In terms of research methodology, the pragmatists place more importance on detecting a research problem and taking adequate action to address it than in the choice of methodologies. This allows a researcher to utilize both quantitative and qualitative approaches, and it also gives the freedom to modify research methods as needed (Feilzer 2010).
This pragmatic view of knowledge is based on the fact that people’s perceptions of reality are shaped by their own social experiences. It also recognizes that knowledge is constructed with a purpose, so that the person who constructs it can better manage their lives and take part in society. Pragmatism does not view knowledge as being true, but rather as being a useful construct to help manage one’s life.

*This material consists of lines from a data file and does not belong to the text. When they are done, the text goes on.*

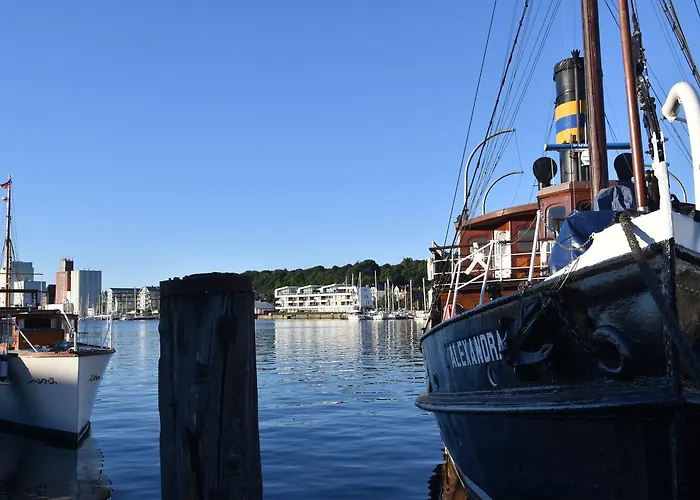 Loft 5 - Urlaub Direkt An Der Foerde * Flensburg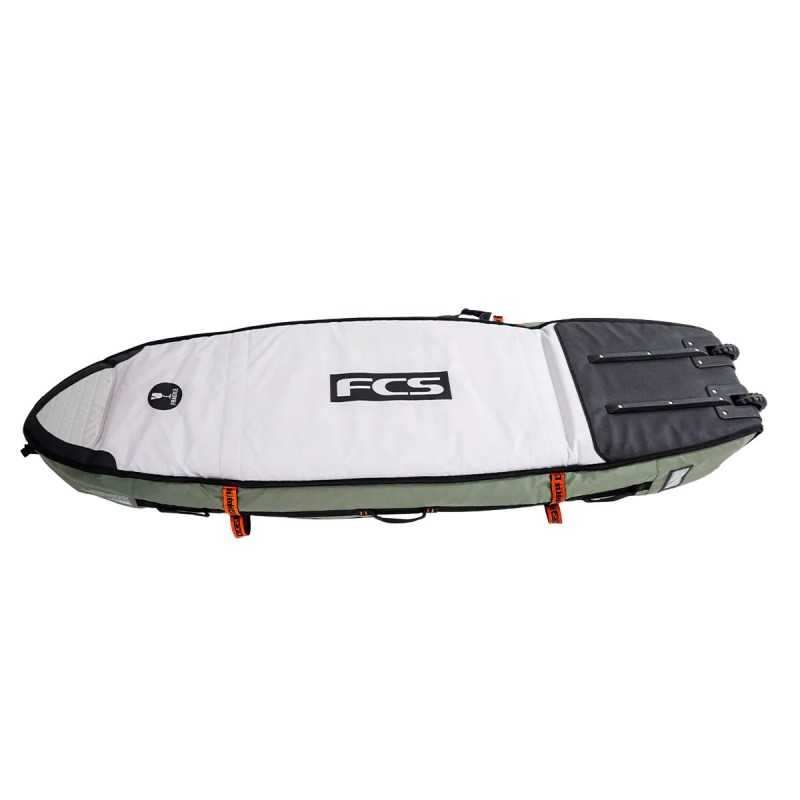 Housse de Surf FCS Travel 3 Wheelie Shortboard/Fish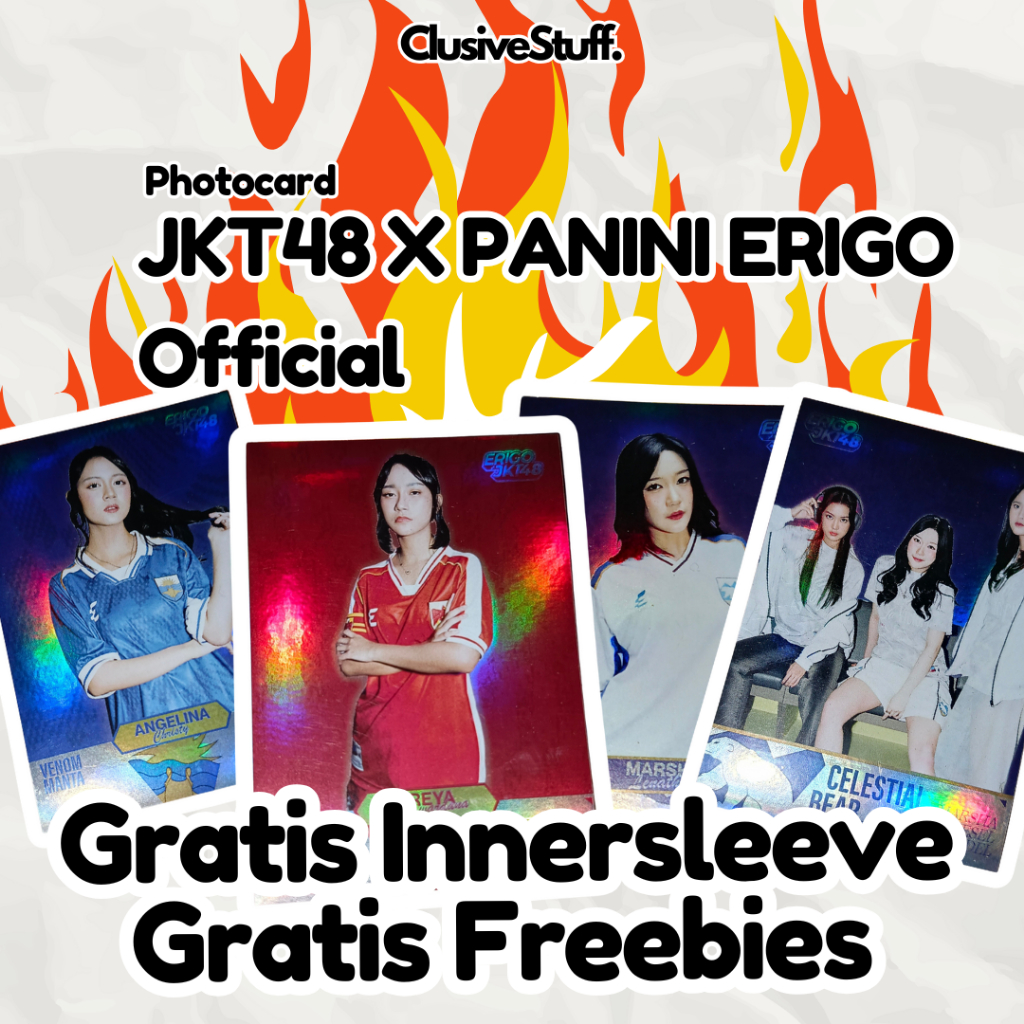 PC Panini Erigo x jkt48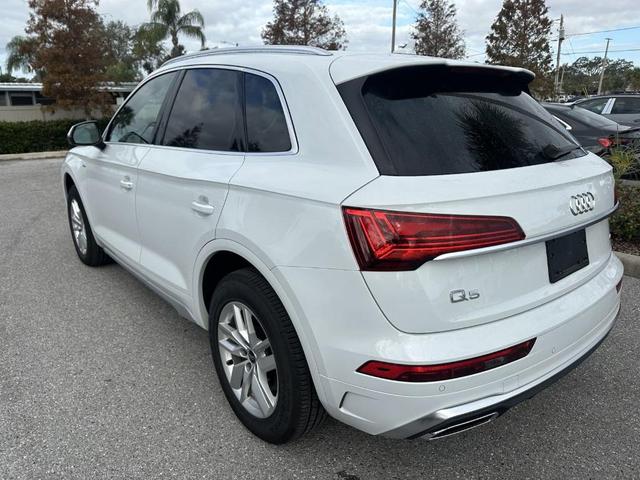 2024 audi q5 45 s line quattro premium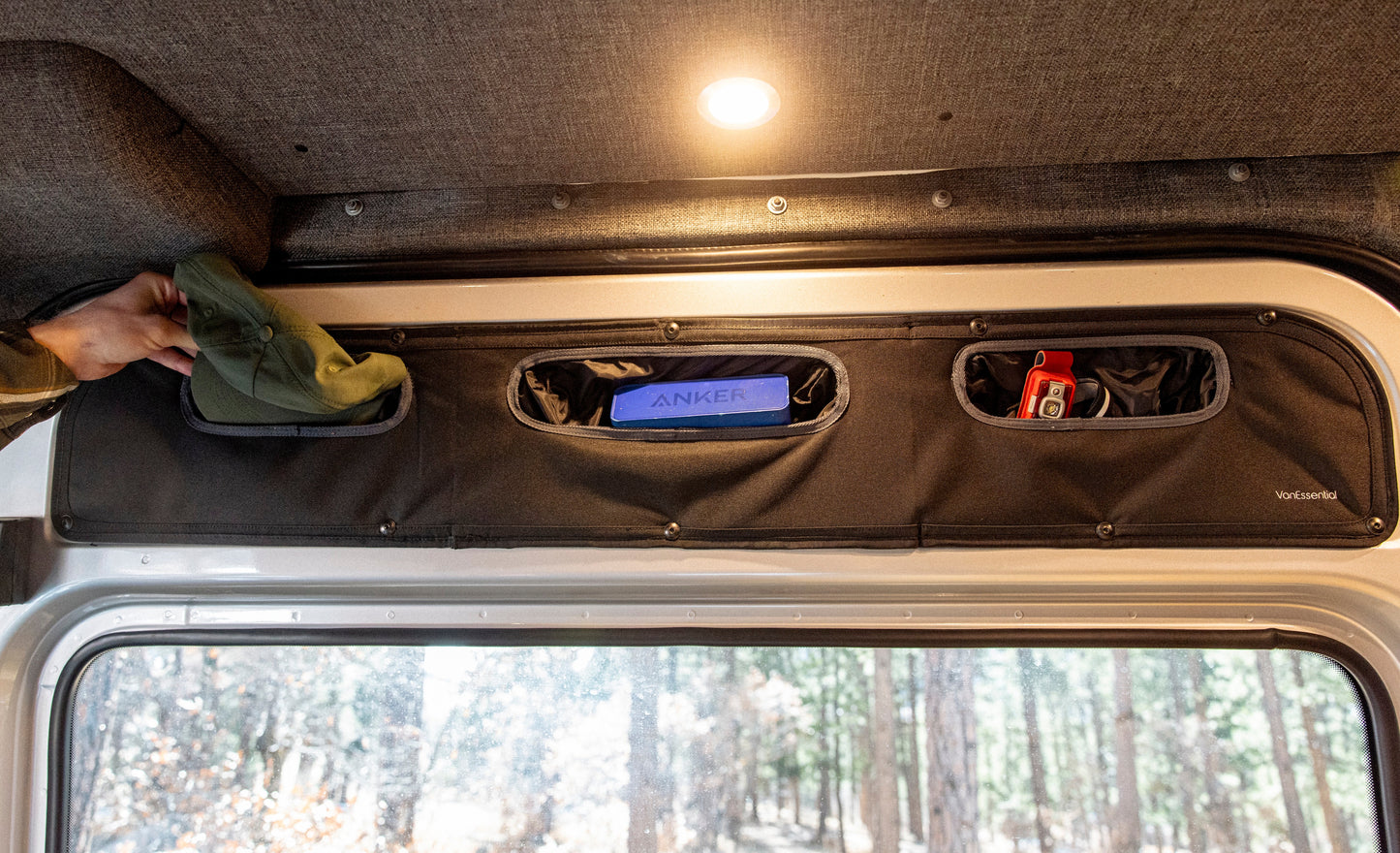 Mercedes Sprinter Upper Sliding Door Storage Panel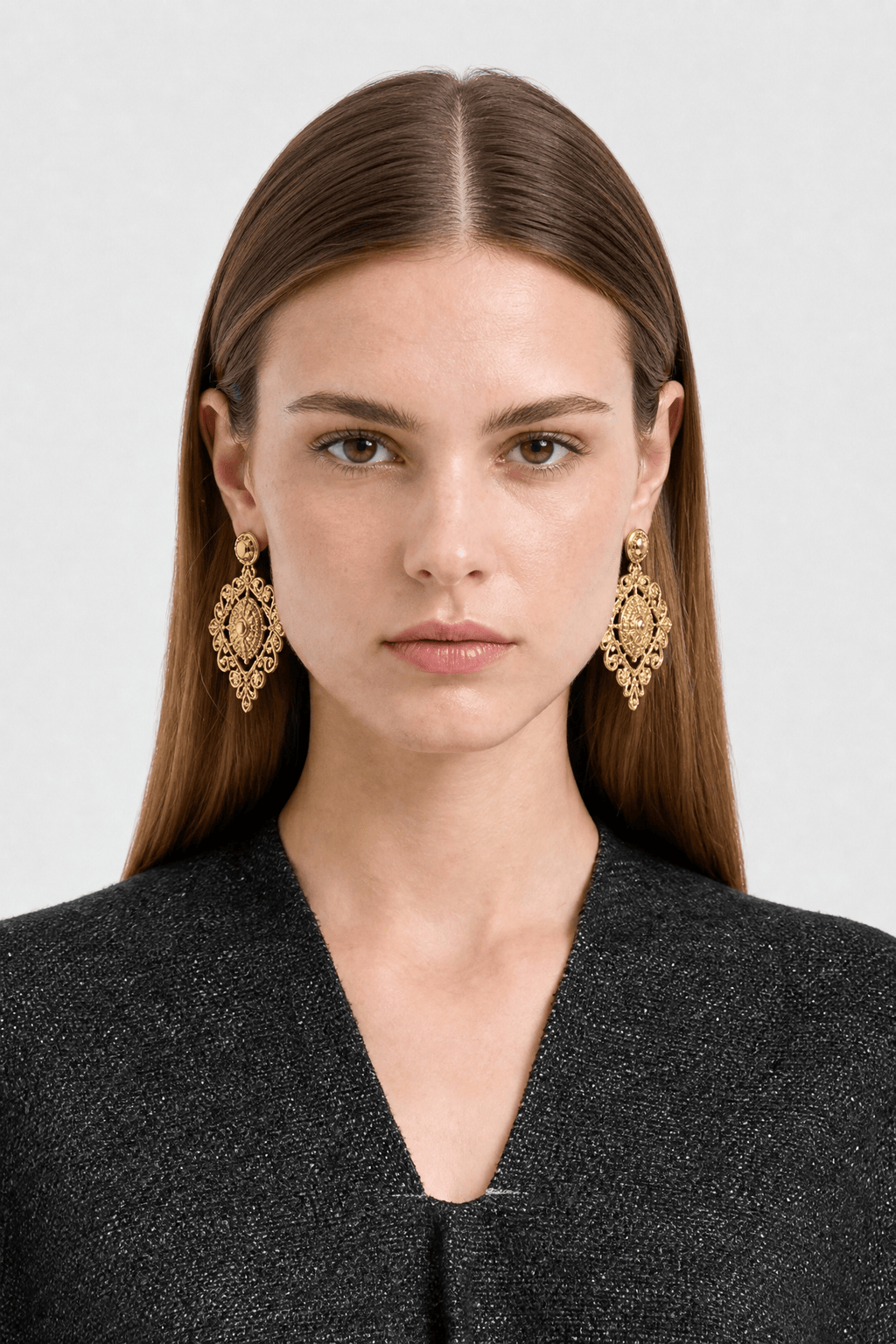 Cape Femme Noire Ethnique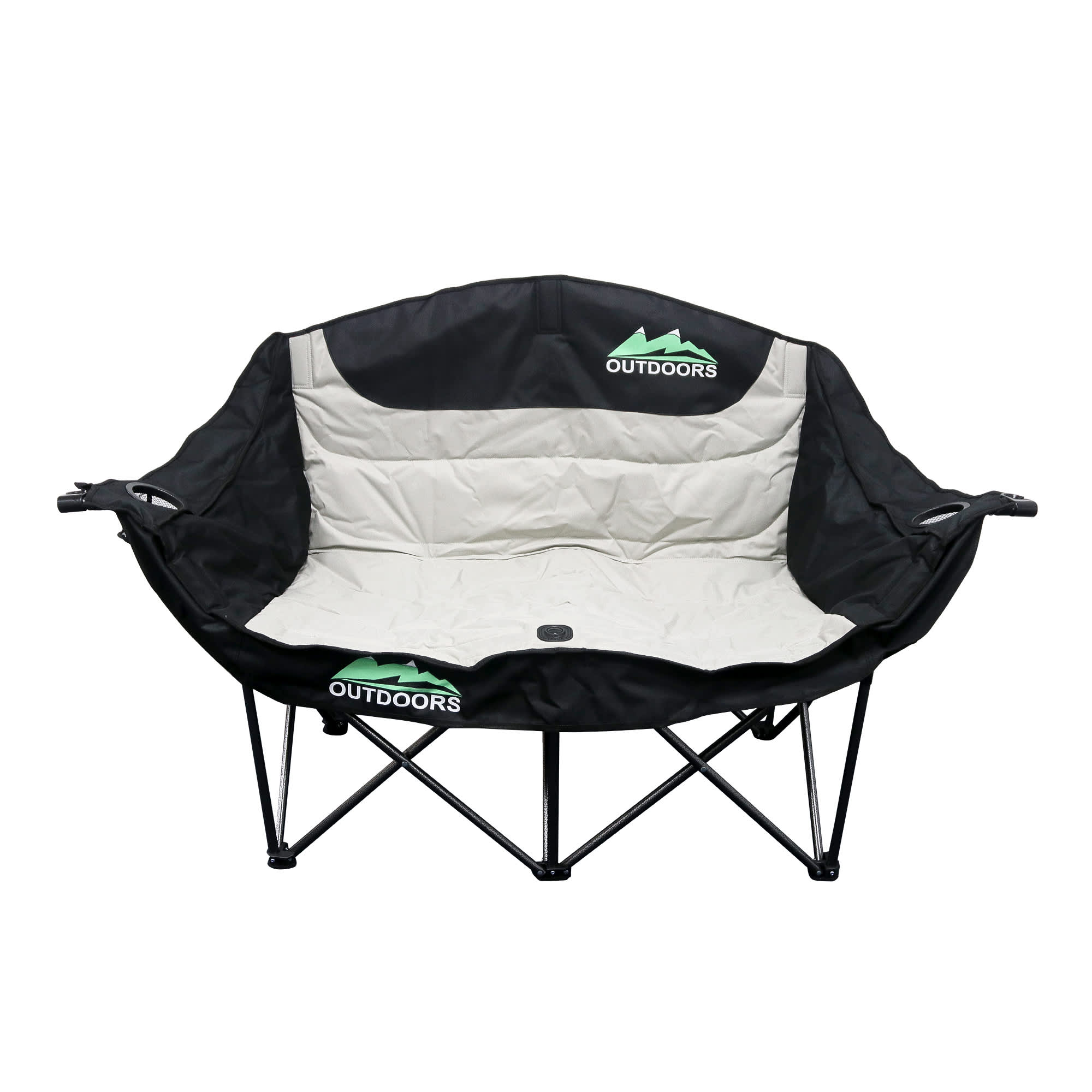 Double Foldable Portable Camping Chair - Image 3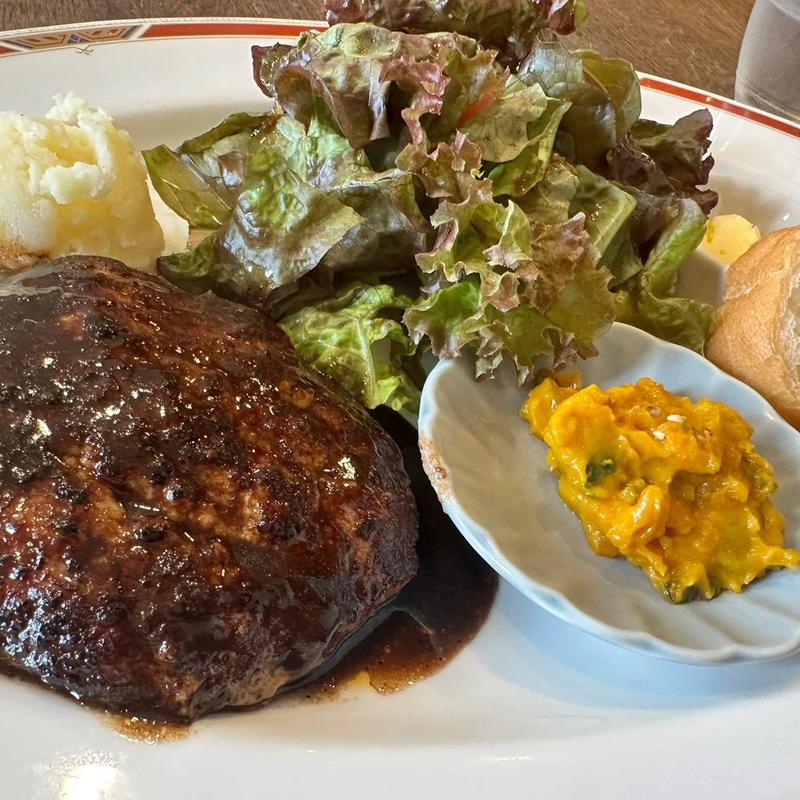 ハンバーグランチ(スロウフロウ （slowflow）)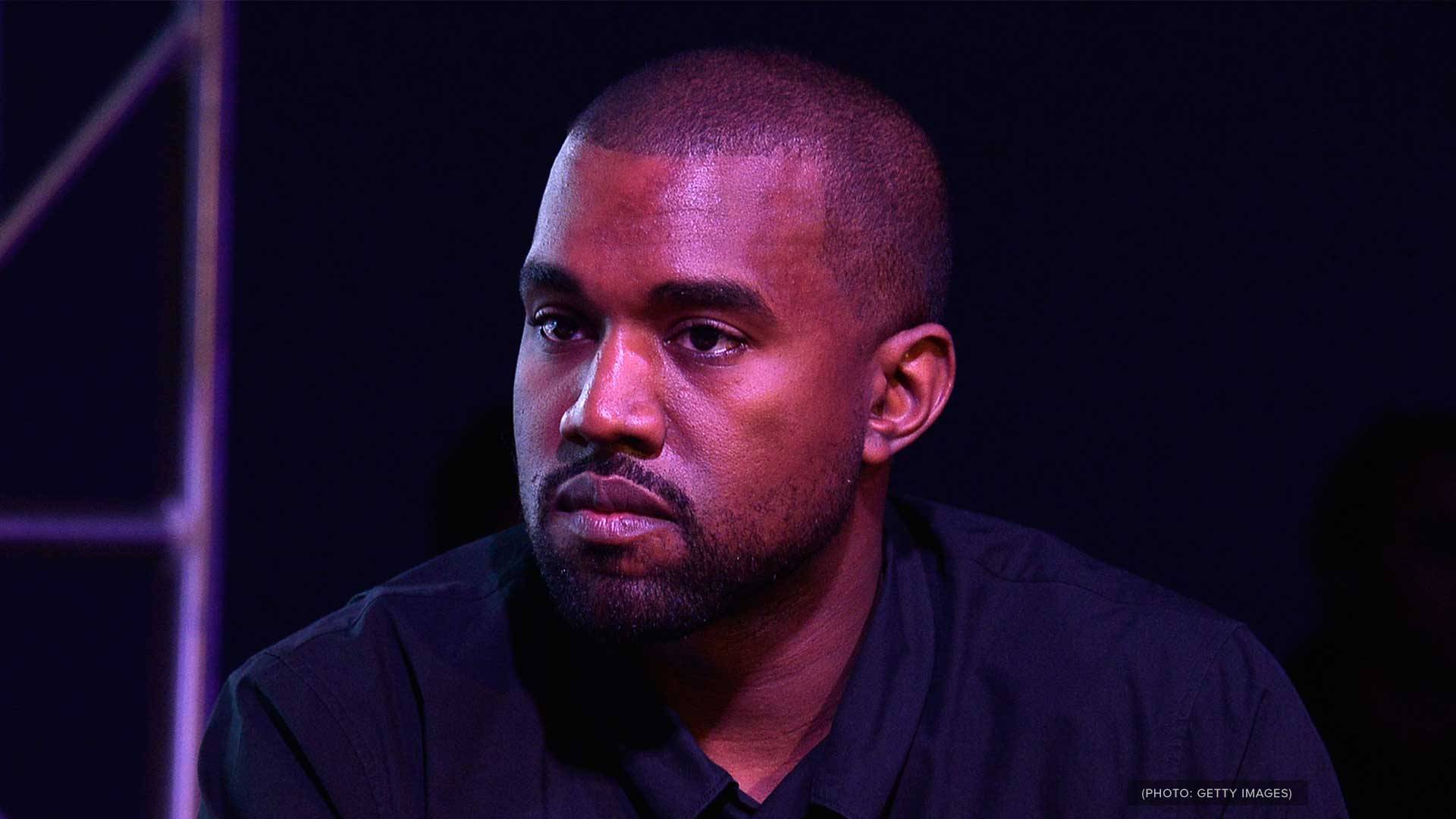 Kanye West on BET Breaks 2018.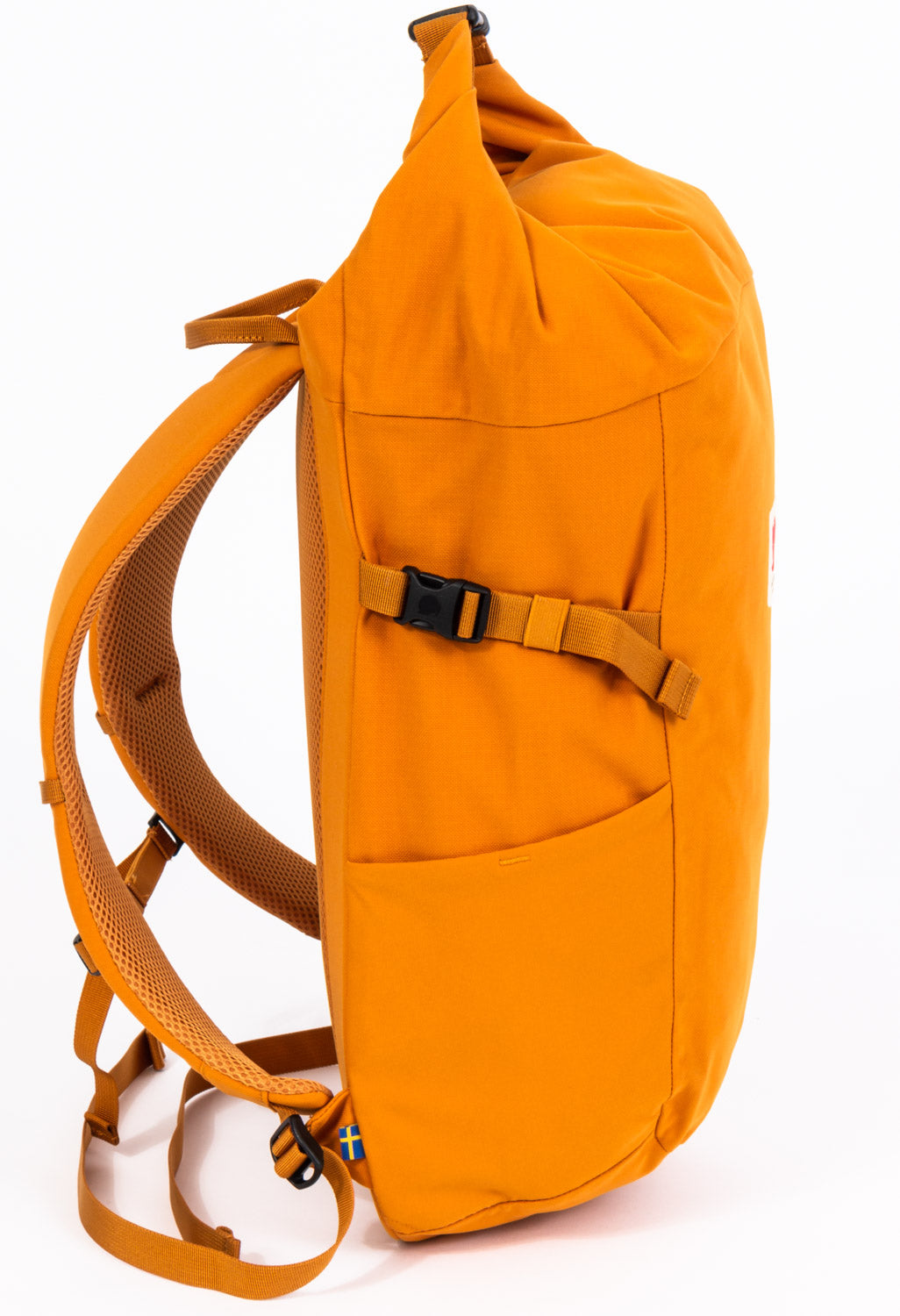 Fjällräven Ulvö Rolltop 23 Backpack - Red Gold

In the philosophy of science, pragmatism has a long history, starting with the philosophers Peirce and James. In more recent times, a philosophical movement called neo-pragmatism has embraced the notions of pragmatism as a middle ground between positivism and constructivism in research methodology. Like pragmatism, neo-pragmatism is not committed to either the objectivity of science or the subjectivity of art, but views scientific inquiry as a process that is capable of producing knowledge that is valid in its own way. The neo-pragmatists believe that this knowledge is valuable, but they do not believe that it is necessarily superior to other forms of knowing or that it represents an absolute truth. In addition, they are careful not to confuse pragmatism with the utilitarian idealism of John Dewey or Bertrand Russell.